Published: 23 August 2013

Abstract

Primary malignant melanoma of the esophagus is an uncommon tumor, with approximately 300 cases having been reported thus far. The purpose of this study was to describe a case of a 60 year-old man with a 10 month history of progressive dysphagia and thoracic pain, the investigations of which led to a diagnosis of primary malignant melanoma of the esophagus. The patient underwent a transhiatal esophagectomy with subcarinal lymphadenectomy, and isoperistaltic gastric tube replacement of the esophagus. Nine months after surgery, he developed ischemic colitis, and metastasis in the mesentery was diagnosed. His disease progressed and he died one year after the esophagectomy. A review of the literature was performed.

Keywords

Primary malignant melanoma of the esophagus Metastasis Diagnosis Surgery Treatment

Background

Melanoma is more frequently found in sun-exposed areas; however it can appear in other sites including the mucosal surfaces[1]. Primary malignant melanoma of the esophagus is more common in the elderly and the diagnosis is usually made in advanced stages of the disease; it has a worse prognosis than cutaneous melanoma.

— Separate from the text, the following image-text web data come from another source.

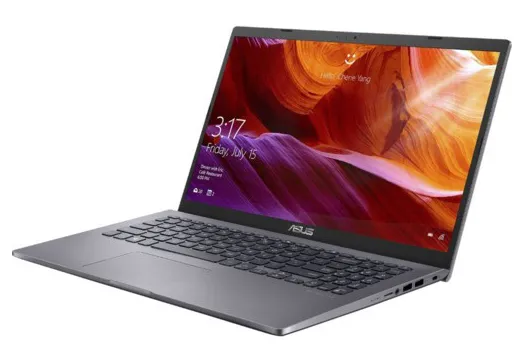 Ноутбук Asus X509JB-EJ060T Slate Grey 90NB0QD1-M01540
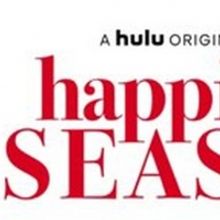 HAPPIEST SEASON Original Soundtrack Hits Physical Retailers Tomorrow
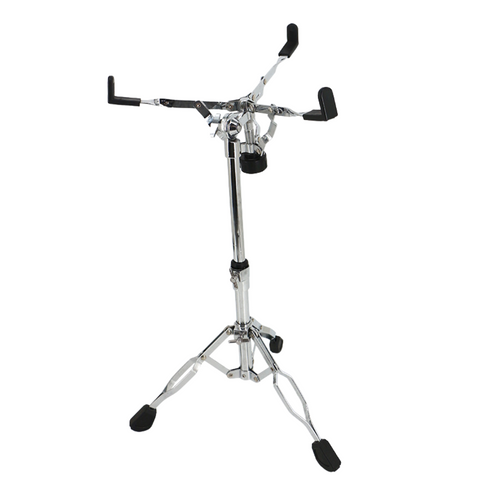 Hebikuo G110 Snare Drum Stand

Melanocytes are present in small amounts in the squamous epithelium or basal membrane of the esophagus, and can be the precursors of melanocytosis and primary malignant melanoma.

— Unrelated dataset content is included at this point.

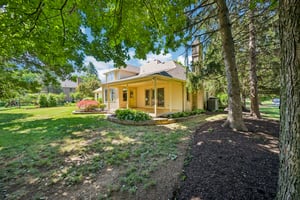 Newton Cir-S2506-082.jpg
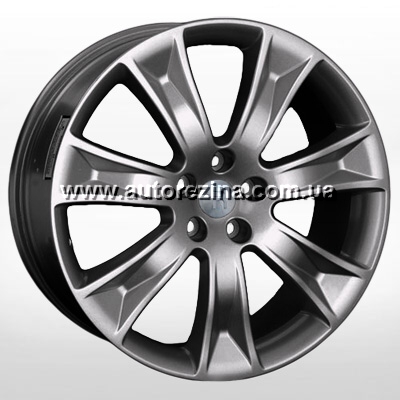 Replay Acura (AC2)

Primary malignant melanoma of the esophagus is characterized by aggressive local invasion and multiple and early metastasis. Despite the availability of multimodal therapies such as radical surgery, chemotherapy, radiotherapy, and immunotherapy, the prognosis is still poor[24]. More recently, the prognosis seems to have improved, and studies suggest that this may be associated with tumor early detection.

Case presentation

A 60 year-old man was hospitalized with a 10 month history of progressive dysphagia and chest pain. He was a former smoker for 50 years (40 cigarettes/day). He denied personal or family history of cancer. On physical examination, no skin, ocular lesions, or palpable lymph nodes were detected.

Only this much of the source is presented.